Lissa Warren has this post on the Huffington Post about how publisher names don't matter anymore. (I came to it via The Reading Experience, btw, which includes a lively comment section about it.) ARGH! I don't know Lissa, but this post is infuriating.
Many readers appreciate small presses and know they can trust what they publish. My partner and I gave $100 to Soft Skull, before they were saved by Counterpoint and were desperate for funds. Soft Skull, in turn, sent us a fun box of books, a very nice assortment. McSweeney's had a similar plan. And McSweeney's, like David Godine and others, has a very recognizable look to it, and puts out books that are reliably consistent. If you love one, you can safely buy another.
If smart readers all agree to do away with any brand loyalty and just don't bother noticing that hey, this great environmental book came from Milkweed, then we can all just hand our money to corporate publishing giants - Random House, HarperCollins, etc.. Trust their editorial departments, sometimes run by marketing experts, to put out books we should read.
And if you're an author, watch where you're publishing. I just got Simon & Schuster's catalogs the other day in the mail, and they were typically schizophrenic. The imprints were interchangeable. And you could expect to have a steamy bit of fiction on one page next to a political thriller the next, followed by a book on dachsunds - this isn't literal, bien sur.
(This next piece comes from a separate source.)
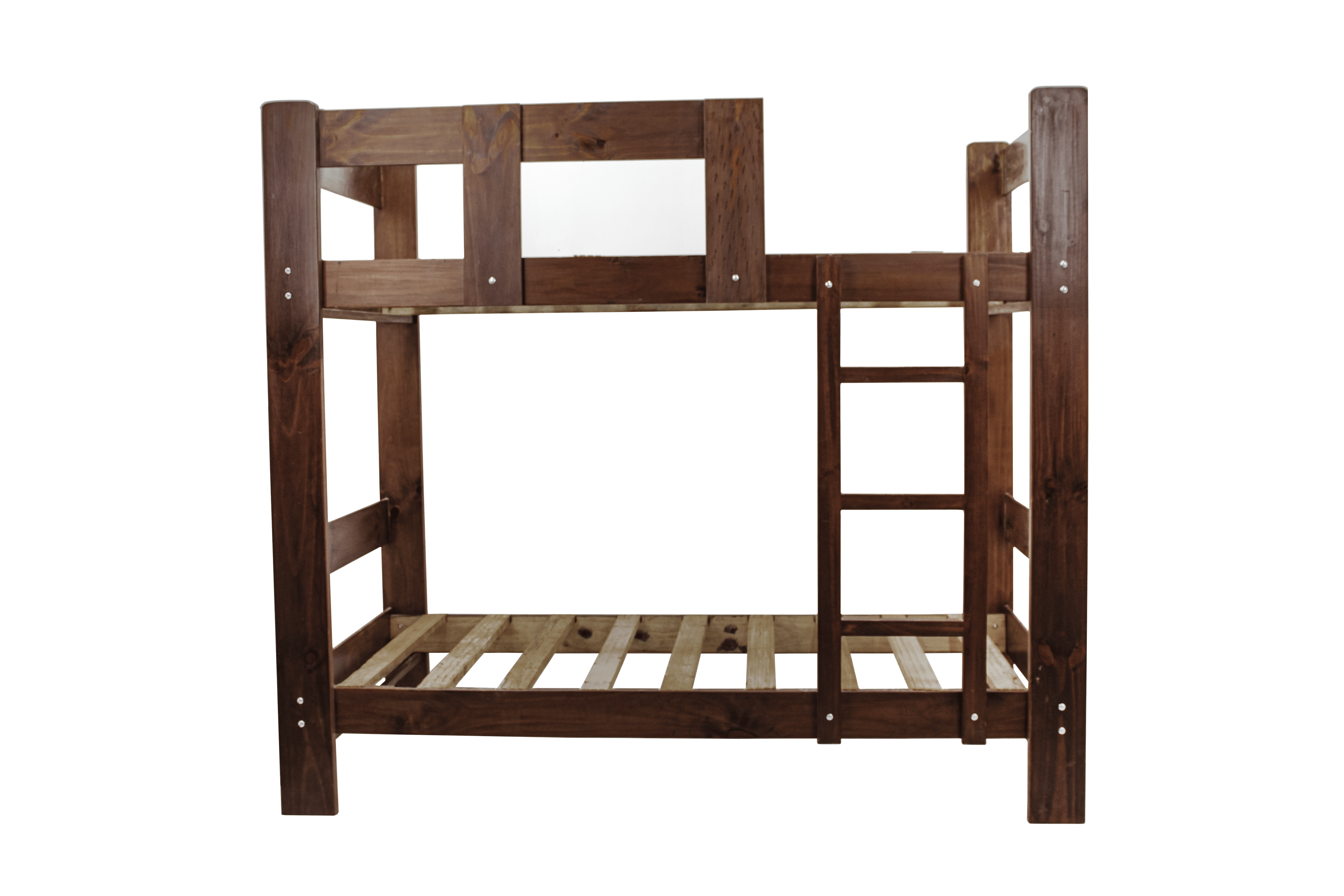 CAMAROTE 1.5 PLAZAS PINO DE 1.5″ X 6″ APANELADO+ ACAB. LAQUEADO + TEÑIDO CHOCOLATE - Imagen 3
As I said in my comment on the Reading Experience, if you as an author write a book that does well for one of these imprints, then you could be supporting the Rush Limbaughs who are having a bad year nationally but are still beloved by the moronic far Right. The far Right gets their offensive book with a limited print run but still priced reasonably, and the publisher doesn't lose money because your book sold through the print run. You could be supporting all kinds of things! It's worth considering.
So don't listen to the Lissa Warren's of the world, and watch independent brands, and support them. Take the article as a reminder to look at the spine and/or the title page, and show some loyalty. It'll mean good things for publishing and for your future reading lists.